We may have speculated recently about the reluctance of small businesses to borrow from financial institutions – with the latest Bank of England figures suggesting net lending to businesses fell by £4.3bn between September and November 2013 – but it appears measures are being taken to redress this imbalance, according to the British Bankers’ Association (BBA).

As it launches a one-year marketing movement designed to target SMEs with a turnover of less than £25m, the BBA reports that the willingness of banks to lend is perhaps more than at first envisioned. Whilst only 37% of small businesses believe they will get approval from their bank for funding their burgeoning enterprise, the BBA has found that more than two thirds have their loan applications approved, with banks having made £11.5bn worth of new loans in the past three months, a 27% increase on the previous quarter.

BBA chief executive Anthony Brown spoke confidently about this new campaign, and its suggestion that more help is at hand for entrepreneurs and their efficacious initiatives.

“We’ve launched this campaign to let businesses know that they are a lot more likely to get finance than they think,” he said.
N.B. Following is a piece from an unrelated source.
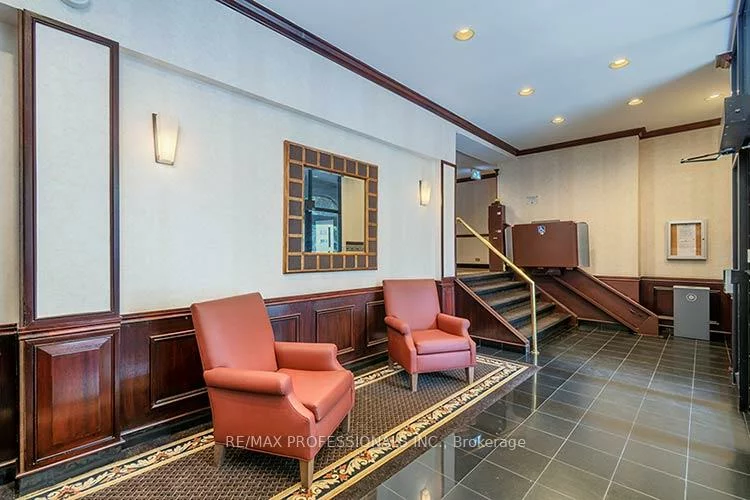 88, Charles, Church-Yonge Corridor, Toronto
The new campaign aims to increase buoyancy about bank lending amongst these smaller businesses, with the belief that increased loans could boost the growth potential of up to 270,000 companies. It will be run in conjunction with the British Business Bank, launching this year with £1bn of capital at its disposal, which it is believed could help drive more lending to businesses.

Brown concluded: “Small businesses are the engine room of the economy and the research we publish today shows how much stronger our recovery could be if more SMEs approached their banks for finance.” 

We wait with baited breath to see if these businesses take a leaf out of Brown’s book or not.